The European Parliament today adopted new EU legislation on over-the-counter derivative products, based on a legislative agreement reached in February. The Greens welcome the creation of a regulatory framework for these opaque and risky products but regretted the failure to provide for proper EU oversight and tougher rules on risk management. After the vote, Green MEP and finance spokesperson Pascal Canfin (France) said:
"It is welcome that these opaque and risky financial products will finally be regulated at EU level. This help address the damaging impact unregulated derivatives have had. The new rules will ensure that the majority of privately traded over-the-counter derivatives will be standardised and traded through central counterparties, which will create greater stability in the financial system. Regulators will have reliable and comprehensive information on the use of both these products and derivatives traded on exchanges, which will go some way towards shedding light on this shadowy market. We hope this data will be put to good use in tracking the transfer of financial risks between market participants.

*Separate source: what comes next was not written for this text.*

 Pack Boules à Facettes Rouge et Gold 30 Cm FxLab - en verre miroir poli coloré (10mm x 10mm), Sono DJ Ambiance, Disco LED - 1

"The failure to ensure a more comprehensive role for the European Securities and Markets Authority (ESMA) in regulating central counterparty clearing houses (CCPs) is a major shortcoming however. At the insistence of the UK, the supervisors from other member states that might be impacted if a CCP collapses would only be able to overrule the decision of a national regulator on the basis of unanimity. The final agreement on the 'prudential rules' (for example regarding risk management) that will apply to clearing house also fails to convince and falls far short of the robust rules that are necessary particularly in regard to the risk in the system of CCPs taken as a whole. It also ignores the recommendations of the European systemic risk committee (ESRB), which argued for more powers for regulators to intervene to prevent systemic problems. As such, this represents a missed opportunity for more comprehensive EU regulation."